Palui hampir tak percaya keadilan tuhan. Memangnya darimana kata adil itu datang, apakah hanya sejak dia jatuh miskin? Tidak, dia miskin sejak kecil, sejak bapak-ibunya, sejak kakek-neneknya, sejak nenek dari neneknya nenek itu sudah miskin tujuh belas turunan, jadi bukan itu sebab terkuat Palui tak juga mau mengakui keadilan tuhan.
Sampai pada siang itu, berteduhlah si Palui di bawah sepohon beringin besar yang begitu rindang nan sejuk, terasa nyaman sekali berada di sana.
Lalu sadarlah dia, di bawah itu pula tumbuh sepohon labu yang besar nan berat buahnya, cocoklah untuk disantap sayur bening nanti kalau pulang. Tapi rupanya lagi-lagi terpikir jahil otak si Palui.
"Huh, ternyata tuhan benar-benar tak mengerti namanya adil. Lihat pohon beringin sebesar ini, serimbun ini, masa buahnya dibikin kecil-kecil? Sedang pohon labu di sana pohonnya kecil, batangnya kecil, buahnya dibikin begitu besar. Tampaknya tuhan bukan Arsitek ulung. Tak pandai disebut adil, huh, dasar Tuhan. Pantas saja aku tak kaya-kaya."

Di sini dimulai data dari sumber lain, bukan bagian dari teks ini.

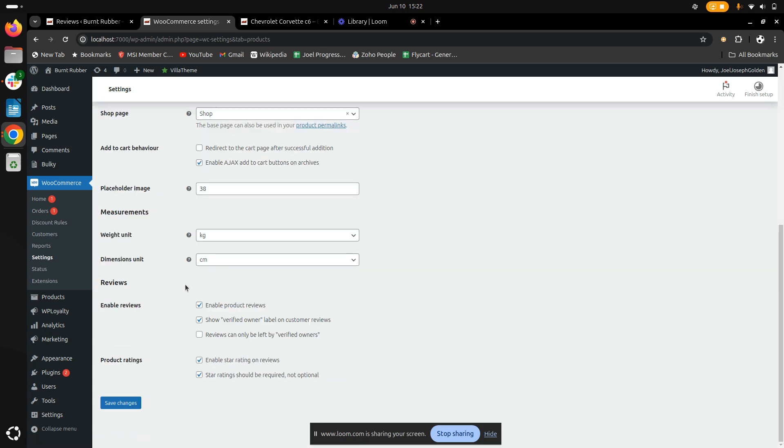Here you go, the solution on how to enable the customer review and product ratings. You can customize it based on your own likings. You can enable the product reviews, show the verified owner label for the reviews that you have received for your store. Likewise, you can also add features for your product ratings too.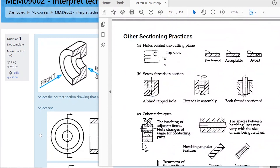There are a few rules for sectioning. Watch out for hidden detail — for example, if you've got a hole behind the cutting plane, you can just show a centre line. You don't show hidden detail in the section view because that would be confusing — the hidden detail will clash with the section lines. Normally just show a centre line behind it.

Semilir angin tiba-tiba meraba nyaman tubuhnya yang lelah itu, Palui tak kuasa menahan kantuknya, sejuk. Hampir membuat lelaki itu senapas lagi akan terpejam. Tapi, jatuhlah benda merah bulat kecil tak sampai seujung kelingking tepat di hidungnya. Buah beringin.
Terperanjat!
"Huaah ...." Dadanya berdegup degup, buah itu jatuh sangat tiba-tiba. Membuatnya seketika terduduk mengatur napas.
Terbesit di benak Palui.
"Ya, Tuhan ... untung buah beringin kecil. Coba kalau se-labu, habislah hidungku."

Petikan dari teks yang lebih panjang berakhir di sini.